An investigation into the 2012 Jwaneng Mine fatal accident has revealed that the accident could have been avoided had the mine management followed safety procedures. The investigation report compiled by the Department of Mines which has been leaked to The Sunday Standard states that the root cause of the accident was “failure by senior management to ensure that matters requiring their attention are brought to them to take appropriate action as provided in the Mines, Quarries, Works and Machinery Regulations, regulation 17(8) and 567(3).”
The report further revealed administrative problems in the supervision of slope monitoring, reduced effectiveness of slope monitoring instruments and apathetic approach of geotechnical section to information availed by consultants and the manufacturer of SSR.

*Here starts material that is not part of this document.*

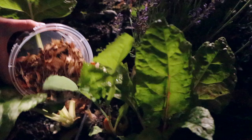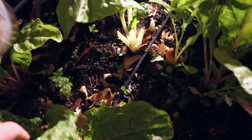First, release your ladybugs at night if possible, or in the evening, as ladybugs tend not to fly at night. Ideally, when the ladybugs are released they'll love the environment you're placing them in and will stay.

The report revealed insubordination and poor work ethic. Some engineers refused to do their job claiming that they were not trained in certain fields when in actual fact they had the necessary skills.

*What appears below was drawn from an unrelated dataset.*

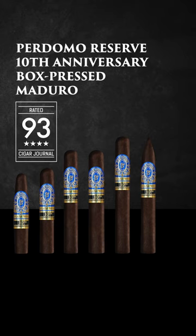This line comes with exquisite fillers and binders grown by our family that have been aged for six years, coupled together with this beautiful dark chocolate Maduro wrapper that's not only been aged six years, but has an additional 14 months of aging in bourbon barrels.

There were also no records made of instability in the mine. “Both the Geotechnical manager and the managers appointed to assist the appointee under Mines, Quarries, Works and Machinery regulations, did not note the recording and countersigned. Matters requiring attention went unnoticed. On 23/06/12, Mr. Raseiteo, who was killed in the mine accident recorded in the foreman log book: “be aware of falling rocks.”
Mr Pabalelo as 9(4) appointee did not examine that entry. The slope instability hazard map 2012- May reported that planar rock slides continued to fall on the degraded shales. Mr Raseiteo most likely, when he logged, referred to planar rock slide on the area that later collapsed and caused the accident that killed him.
The report say the slope instability had been observed for the previous three years and the mine responded by changing the pattern of blasting but failed to monitor the deformation for each blast.
“Since the geotechnical engineers had not been observing deformation for each blast conducted, they did not see the exponential deformation displayed on the SSRA graph. Omitting to observe deformation during the blasts and for each blast conducted on 26, 27 and 28 June 2012 proved fatal.”
The report says during the inspection carried out by the Department of Mines earlier in the year, it was observed that managers did not enter their findings in the logbook and there was an instruction for rectification.
“The grader operator testified that he had regularly cleaned the ramp on which the collapsed ground trapped Mr. Raseiteo. He also testified that he had a few minutes before the collapse occurred cleaned the area. It would appear the recording “Be aware of the rock falls” by Mr. Raseiteo as a 17(1) appointee made in the foreman logbook referred to the same area. The 9(4) appointee Mr Pabalelo neither noted the recordings nor made effort to contact Mr. Raseiteo to confirm the area where rocks were frequently falling or were likely to fall days before the accident. Mr Pabalelo also testified that a few days before the accident and on the day of the accident he never met Raseiteo. Had Mr. Pabalelo taken the recordings in the logbook seriously the looming slope failure could have been brought to the attention of the other mine officials including the manager.”
Efforts to contact Debwana Group Manager (Public and Corporate Affairs) Esther Kanaimba-Senai Kanaimba were futile at the time of going to press. It remains unclear whether action has been taken against managers who were derelict in their duties.